You’d have thought, bearing in mind I have – girl-stereotype-warning-despite-calling-myself-a-feminist coming up – been dreaming about my W-day in idle moments for about 30 years,  I’d already have a pretty clear idea about the vision I wanted to convey. But basically I haven’t got a clue. I want to look sexy (for my fiance), demure (for my father), chic (for my mother), appropriately weddingy (for the two DS’s, who can now recognise a Bride at a 1,000 paces, and think anyone in a tie is a Groom), and basically like a fully optimised version of me (you can tell I work on websites..).

If I put all my wants together, I get something like this (see left; I would really like pockets).
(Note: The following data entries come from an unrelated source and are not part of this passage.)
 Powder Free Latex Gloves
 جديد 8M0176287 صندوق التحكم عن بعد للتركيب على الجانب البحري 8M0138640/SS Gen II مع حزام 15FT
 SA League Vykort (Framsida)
But in practice I’ve found that CHEAP is also a key criterion; although I’m not usually a bargain-basement kind of girl, I simply cannot bear to spend multi-thousands of pounds on a dress – not least because I’ll spend the whole day worrying about it – especially if reselling was part of the original proposal. And yet I do want quality.

Image of Kevin the TeenagerAnd that is why I found myself standing on top of a box in a local, very well renowned, bridal shop, yesterday afternoon, with a face like Kevin (see right), dressed in a lovely white A-line Sassi Holford dress, worth about £3k, muttering ‘s’alright’.
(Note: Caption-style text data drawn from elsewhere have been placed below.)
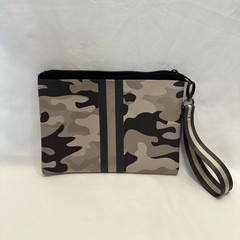 Haute Shore Beth Safari Premium Neoprene Wristlet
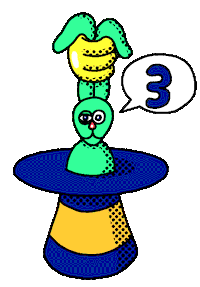 Count Countdown Number Numbers Fun Colourful Colour Bright Funny Age Birthday Sticker by Caspar Wain
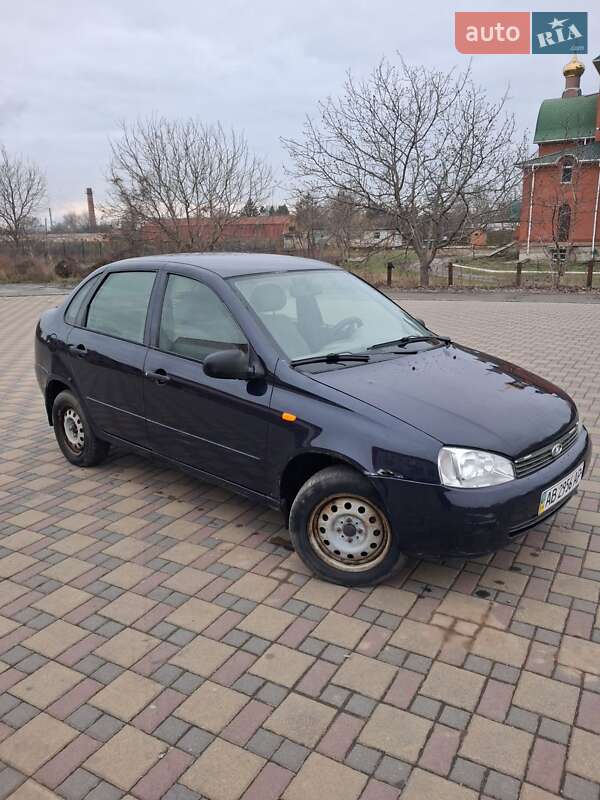 ВАЗ / Lada 1118 Калина 2007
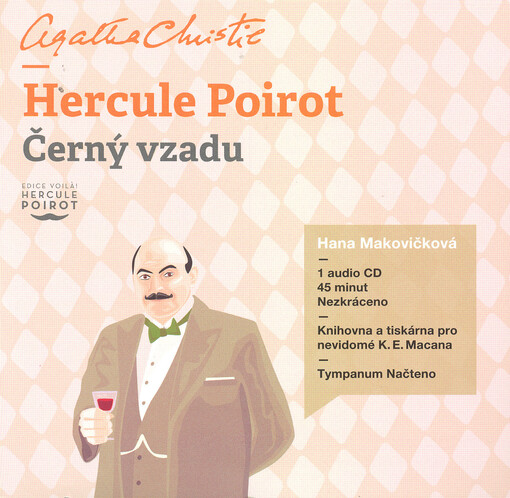 Hercule Poirot.Černý vzadu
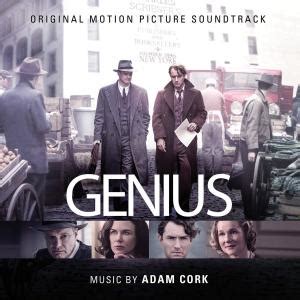 genius soundtrack|motion picture soundtrack genius.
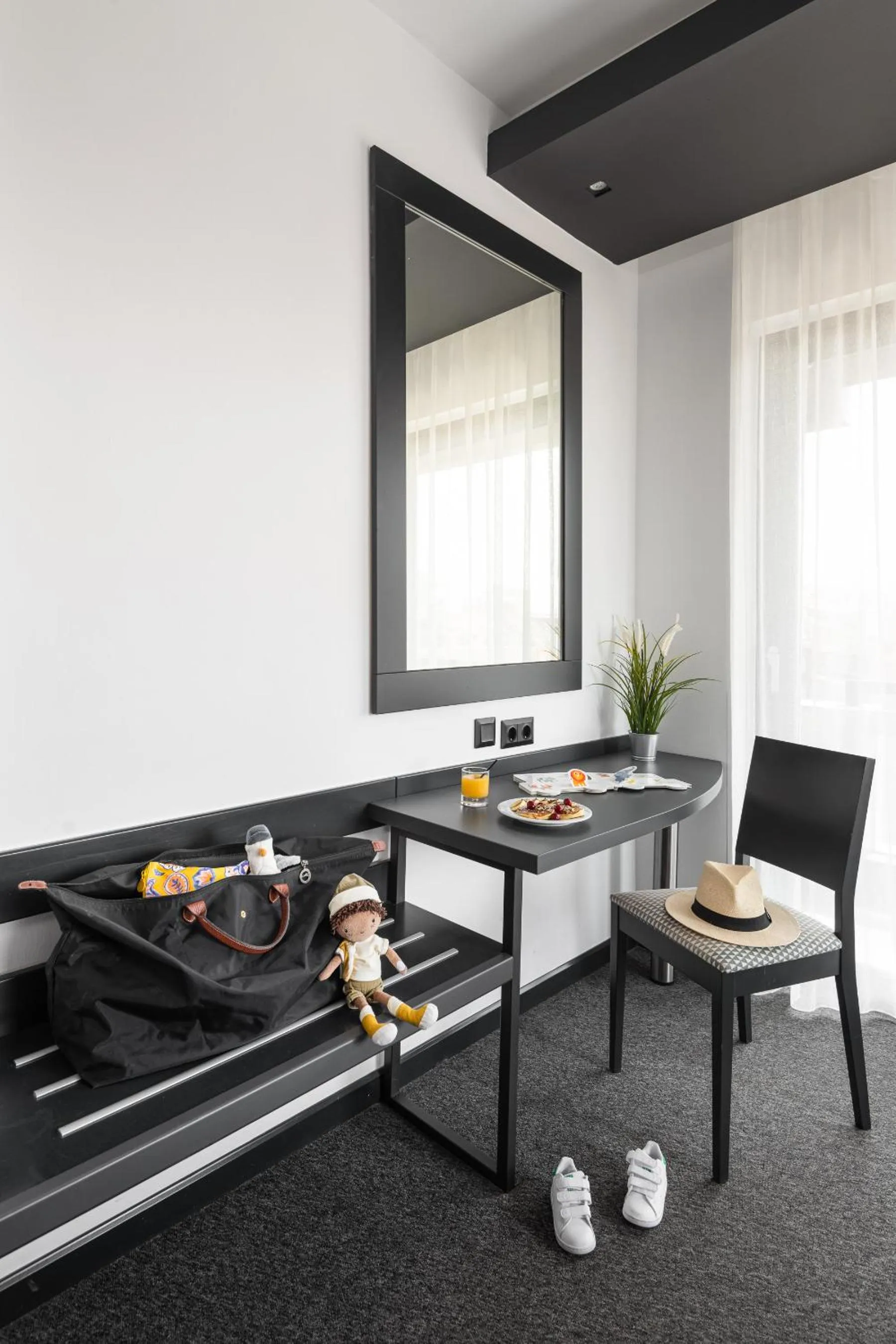 room service in Park Hotel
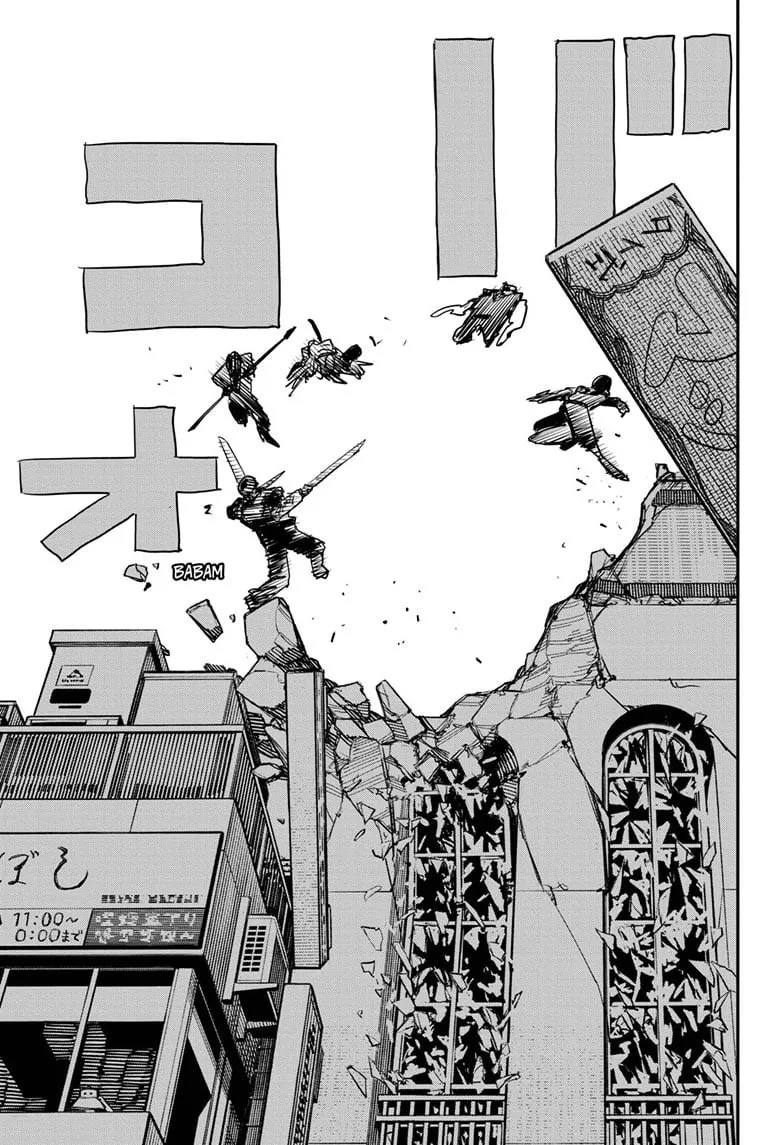 Read Chainsaw Man PT-BR Manga Online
One of my long-suffering girlfriends was in attendance, with a dual role of trying to get me to snap out of my monk, and get my mother to shut up whenever she started asking if dressmaking details could be changed.

After an hour of dutiful trying on, parading, and dismissing, though, things did finally perk up when I noticed that they had a dress by Lusan Mandongus that I’d noticed many time in magazines and had really liked. It hadn’t been picked out for me because it didn’t fulfil any of my criteria at all (which is why the ‘ideal’ sketch is not worth the paper it was drawn on), and it was COMPLETELY different to all the previous ones I’d tried which had inbuilt corsets and created waists etc; but it was sophisticated and elegant, and my mother thought it was totally inappropriate (which helped) (though sadly now she’s now warmed to it).
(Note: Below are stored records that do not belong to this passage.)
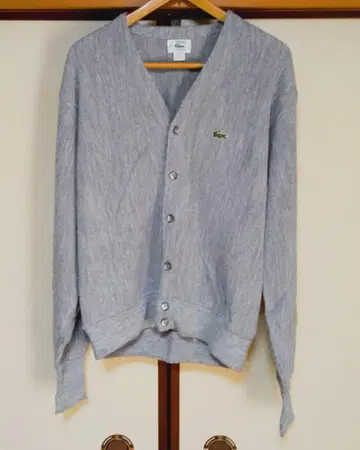 [ USA ] IZOD 라코스테 가디건 그레이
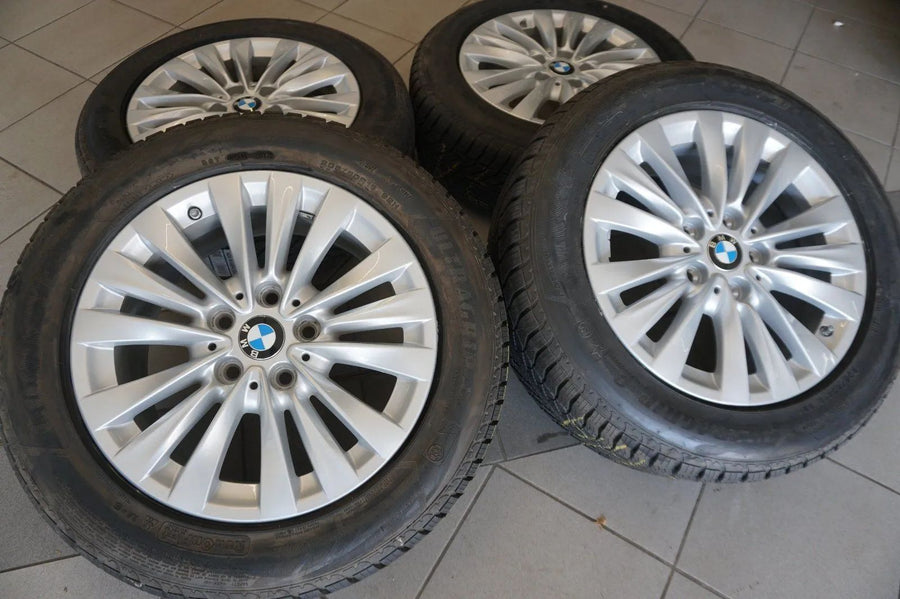 Original BMW 2er F45 F46 Active Gran Tourer Alufelgen Winterreifen 205 60 R16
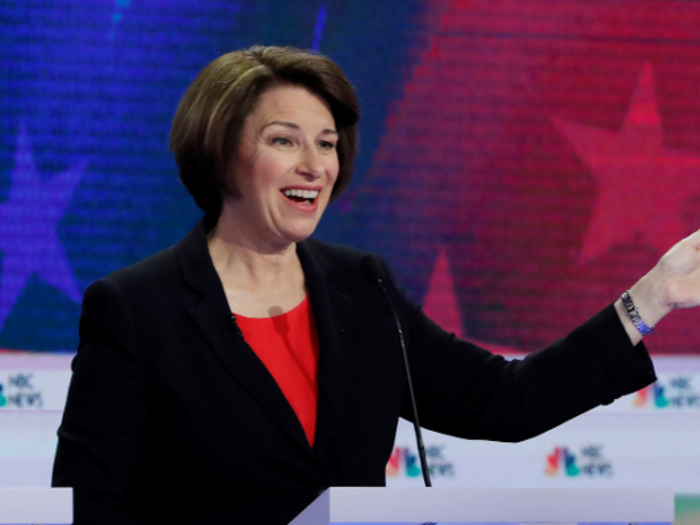 Amy Klobuchar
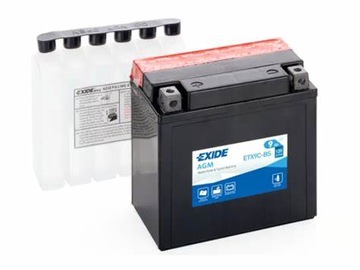 Akumulator Exide YTX9C-BS 9Ah 120A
Where we are. So I’m now spending every minute of downtime cogitating yesterday’s dress, and weighing it up against the previous front-runner (also totally unexpected); as follows (I appreciate this analysis will be of limited interest):

 

Ian Stuart dressIMG_1421

  • Pro: available second hand in at least two places, in the £600-£850 level
  • Pro: supercomfortable when tried on, making a waist and a bust, with a bit of cleavage
  • Pro: none of this train business; can actually walk and move around it it
  • Pro: ruching affair means it’s all a bit messy, basically, which means that I won’t panic as much if DS2 lurches towards it with chocolatey hands (I would LOVE but be too scared to wear anything by Jesus Peiro for exactly that reason)
  • Pro: opportunity for long earrings and some eccentric headgear
  • Con: didn’t photograph well, though the snaps were taken by my sister in law, sitting down (so emphasising my hips), on my blurred iPhone
  • Con: looks totally unlike anything I’d like, and as if I’m about to bring out a pair of castanets (but nevertheless, feeling comfortable and unworried is a big pro which might outweigh this)
  • Con: the dropped sleeve affair feels just a bit too 80’s university ballgown style

Lusan Mandongus dress885792cb015c515d83bd61c4b5cc8a4a

  • Pro: totally love the thought of looking like their model above (sucker for advertising, moi?)
  • Pro: lovely dress; different from standard strapless ones, falls beautifully
  • Con: totally impractical for walking around barn & field environment (where reception is)
  • Con: need MAJOR diet/underwear/modesty investment as shows every slight bulge, plus random bits of flesh (not sure what my father would think)
  • Con: can’t seem to find second hand ones anywhere
  • Con: satin drape at front looks a bit like a bib (handy when cake eating, perhaps; less so with a dollop of curry); would have to be stitched down slightly
  • Con (or Pro): it’s a more distinct look – if that can be – than Flamenco dress above, and it would be nice to reflect that in flowers, invos etc (ie they’d need to be rethought a bit), as well as DH’s outfit (which would be shorts if he had his way)
  • Pro: made by a design team in Hong Kong, bringing back memories…
  • Pro: the Sassi Holford (classic, white, virginal) made me look younger, said my mother (clearly thinking that was a good thing). But I’m gone 40 with 2 children; I’m not going to be a princess: I want to look elegant and sophisticated (and as I write this, actually, I see the Ian Stuart one falling far behind into second place, despite all its pros)…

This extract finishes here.